To do: With the pictures left out, please return exactly the line holding "Obraz premium Heart made of flowers sticker" and each following line until the entries end.

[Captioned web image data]
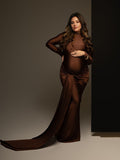Solid Color Belt Splicing Ruched Draped Bodycon Mermaid Long Sleeve Going Out Photoshoot Maternity Maxi Dress Maternity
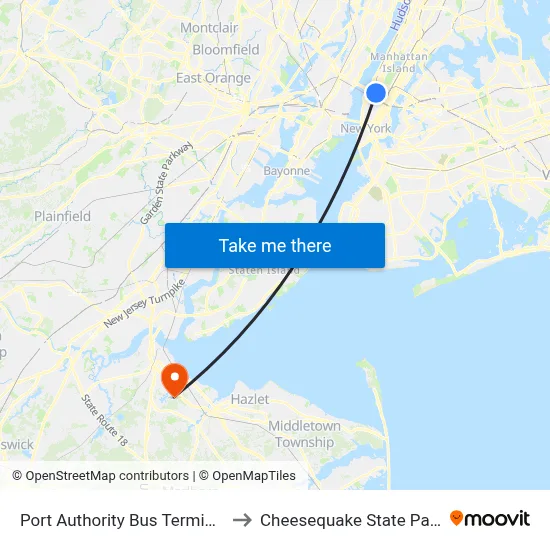 Port Authority Bus Terminal to Cheesequake State Park map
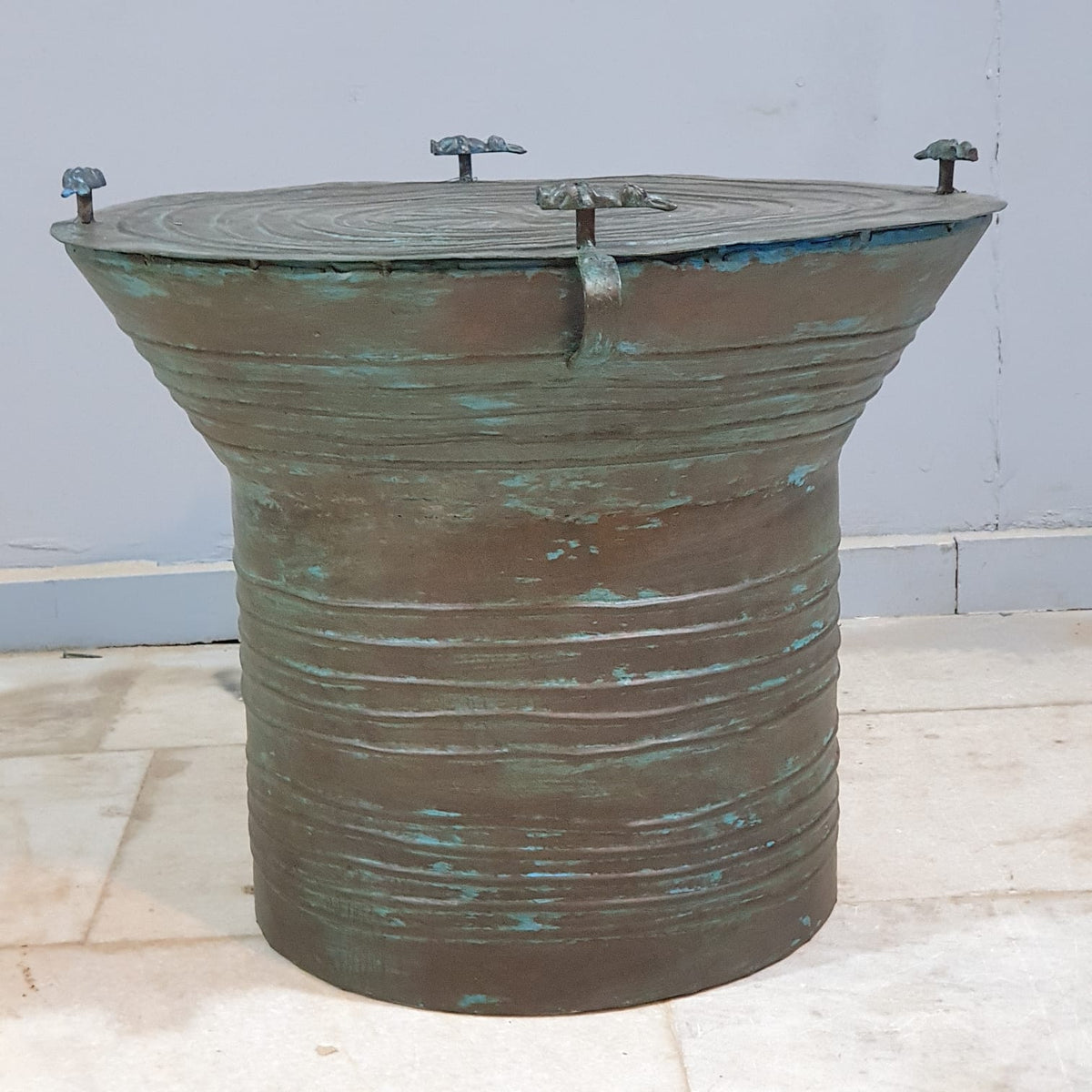 Authentic Vintage Iron Drum Coffee Table 59 x 59 x 47 cm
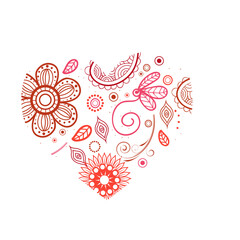 Obraz premium Heart made of flowers sticker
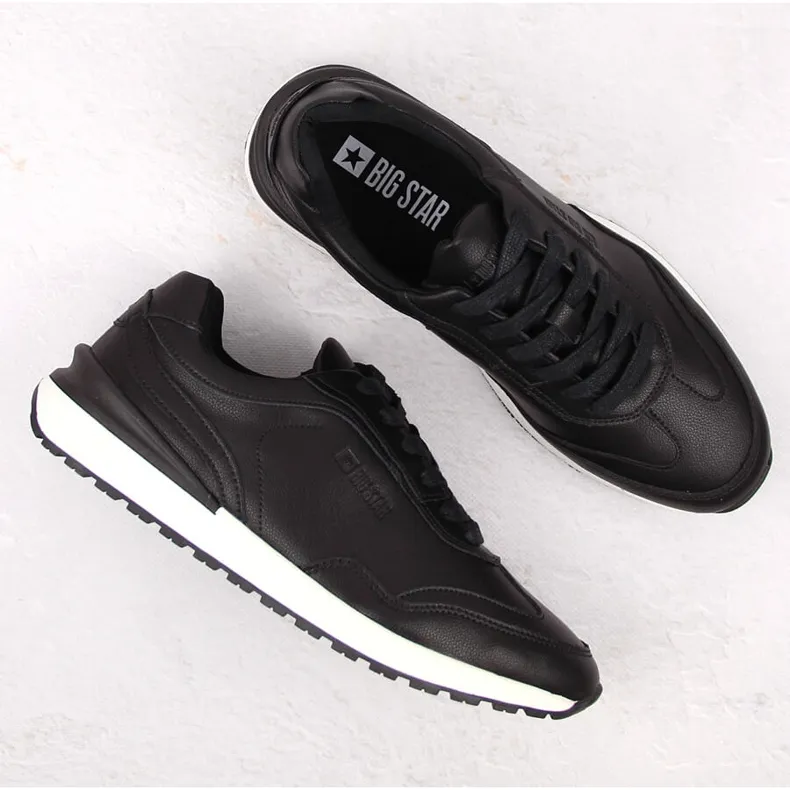 Chaussures de sport en cuir noires pour hommes Big Star NN174287 le noir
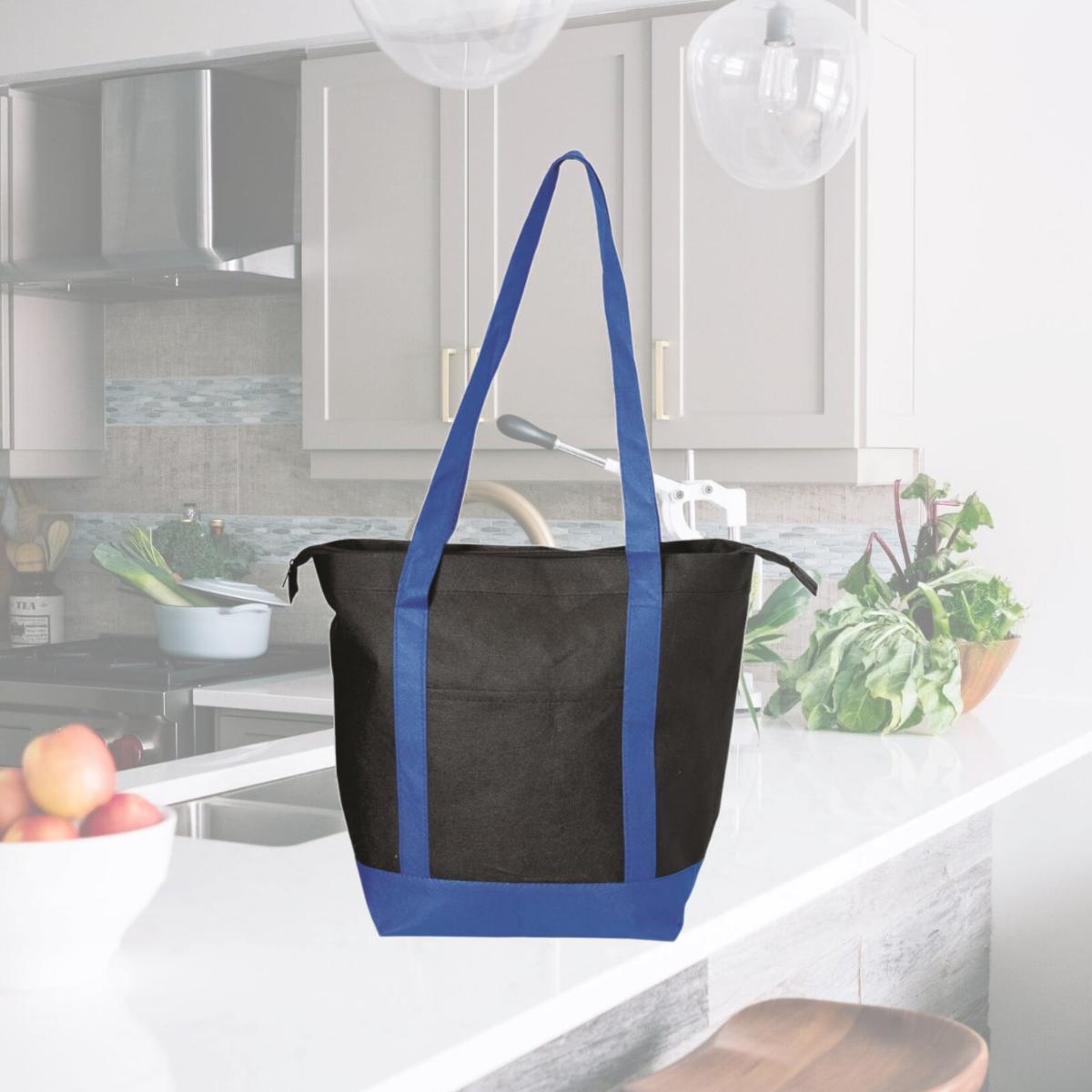 Picture of Debco NW2951 Non Woven Tote Bag - Black / Royal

Answer box:
 Obraz premium Heart made of flowers sticker
 Chaussures de sport en cuir noires pour hommes Big Star NN174287 le noir
 Picture of Debco NW2951 Non Woven Tote Bag - Black / Royal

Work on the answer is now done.